DPC Annual Report 23 July 2002 - 31 July 2003
Member projects 2003 and prior.
E-Journal Archiving Study, Completed October 2003
Full report: http://www.jisc.ac.uk/uploaded_documents/ejournalsfinal.pdf [PDF, 342Kb]
Archiving E-Journals Consultancy - Final Report, October 2003, by Maggie Jones. The consultancy explored issues associated with implementing the archiving clauses of the JISC/NESLI Model Licence Report Commissioned by the Joint Information Systems Committee (JISC). Full report available via the JISC website.
Feasibility Study on E-Prints, Completed October 2003
Full report: http://www.jisc.ac.uk/uploaded_documents/e-prints_report_final.pdf [PDF, 1,018Kb]

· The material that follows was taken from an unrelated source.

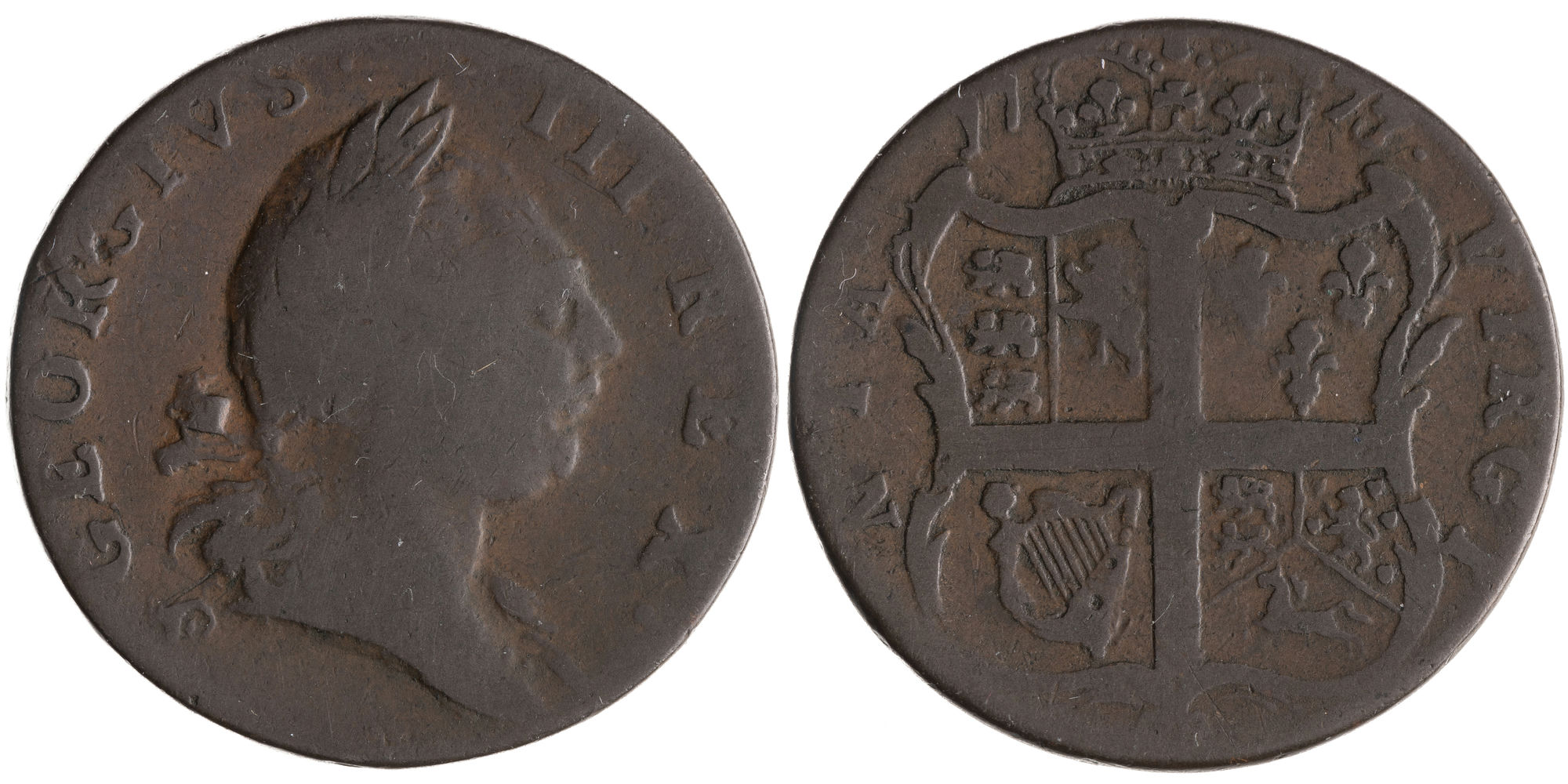 United States, George III, Virginia, Half Penny, 1773, VG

Partners: Arts and Humanities Data Service (AHDS); Estonian Business Archives; SHERPA; University of Nottingham
Feasibility and Requirements Study on Preservation of E-Prints. Report Commissioned by the Joint Information Systems Committee (JISC), AHDS as lead partner. Report published October 29, 2003, by Hamish James, Arts and Humanities Data Service, Raivo Ruusalepp, Estonian Business Archives, Sheila Anderson, Arts and Humanities Data Service, Stephen Pinfield, SHERPA.
PRESTO: Completed 2002
Partners: British Broadcasting Corporation (BBC), Institut National de l'Audiovisuel (INA) (France); Radiotelevisione Italiana Spa (RAI) (Italy)

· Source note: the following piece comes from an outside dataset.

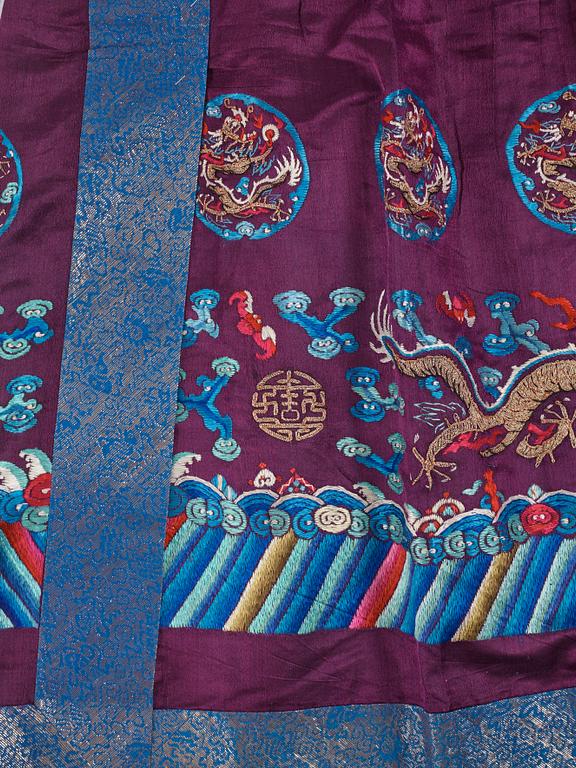 Kjol, broderat siden. Qingdynastin (1644-1912).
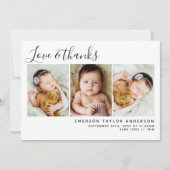 Pink Modern Drei Fotos Neues Baby Dankeskarte (Vorderseite)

A 5th framework EU project headed by the BBC, to develop a cost-effective approach to the preservation of broadcast archives, audio and video, through developing workflow efficiency and automation tools to achieve cost reductions in the region of 30% while maintaining quality. Starting with survey, scoping and definition of the issue, moving to developing new technology, integrating and testing and demonstrating that it works. The work of the PRESTO project is currently continuing under PrestoSpace.

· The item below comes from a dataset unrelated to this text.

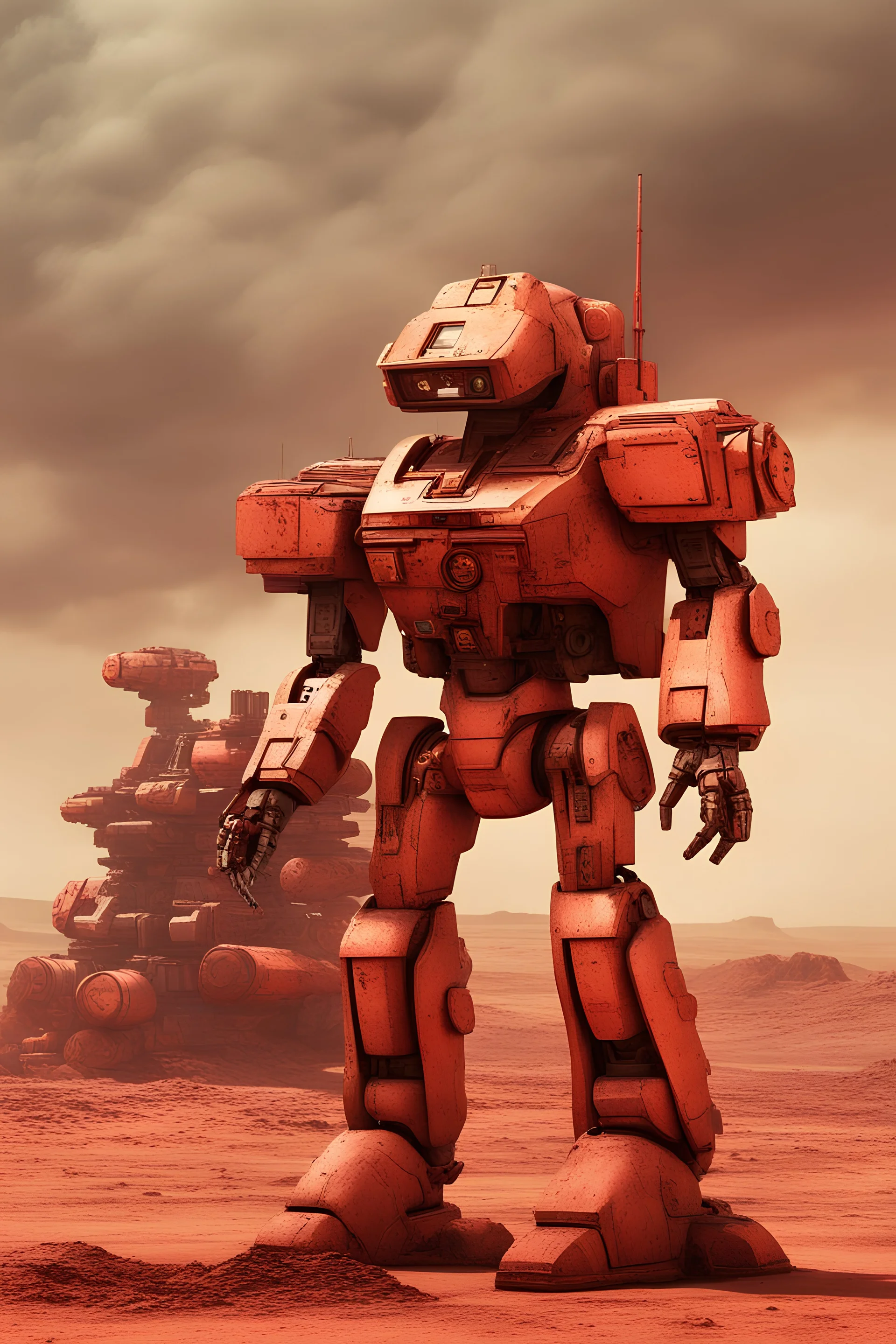 80s mecha, industrial style, mars background, realistic war photo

Oxford Digital Library, Ongoing from July 2001
Partners: Oxford University Library Service (OULS); Mellon Foundation
The Oxford Digital Library (ODL) is a digitisation project which aims to develop an overarching infrastructure with planned content creation, management, and delivery. It has developed standards for ensuring long-term access to the digital content created through its programmes. Operational from July 2001, the project is undergoing continuous development and has been funded from within Oxford University and from the Mellon Foundation.
The National Archives (UK) Digital Archive, Ongoing from 2001
Further information: http://www.nationalarchives.gov.uk/preservation/digitalarchive/
Partners: The National Archives (UK)
The Digital Archive at the National Archives offers secure storage for selected electronic government records and provides access to them via linked PCs in the Public Reading Rooms at the Kew site.
PRONOM, Ongoing from 2001
Project website: http://www.nationalarchives.gov.uk/pronom/
Partners: The National Archives (UK)
PRONOM was developed by the National Archives for managing information about the file formats used to store electronic records, and the software applications needed to render these formats. It is intended for free use by anyone needing to preserve electronic records over the long term and is under continuous development. PRONOM release 3 is publicly available on the Internet and the database contains over 250 software products, 550 file formats and 100 manufacturers (as of 2003) and is growing.
British Library Archival Sound Recordings Project, Sound Archive acetate disks: Completed 2000
Partners: British Library (BL)
The transfer of ca 20,000 "acetate" direct cut audio discs to an off-line digital platform (CD-R) during the period 1995-2000. This was an internally funded BL project using external contract labour for the transfers.
LOCKSS, Ongoing from 1999
Project website: http://www.lockss.org/
Partners: British Library; Cambridge University Library; Imperial College; University of Leeds; University of Edinburgh; University of Glasgow
LOCKSS ("Lots of Copies Keep Stuff Safe") is open source software that provides librarians with an easy and inexpensive way to collect, store, preserve, and provide access to their own, local copy of authorized content they purchase. Currently, more than 80 libraries and 50 publishers from around the world are using the software. In addition, the Stanford LOCKSS team is collaborating with institutions through the LOCKSS Alliance to further collection, technical, and community development.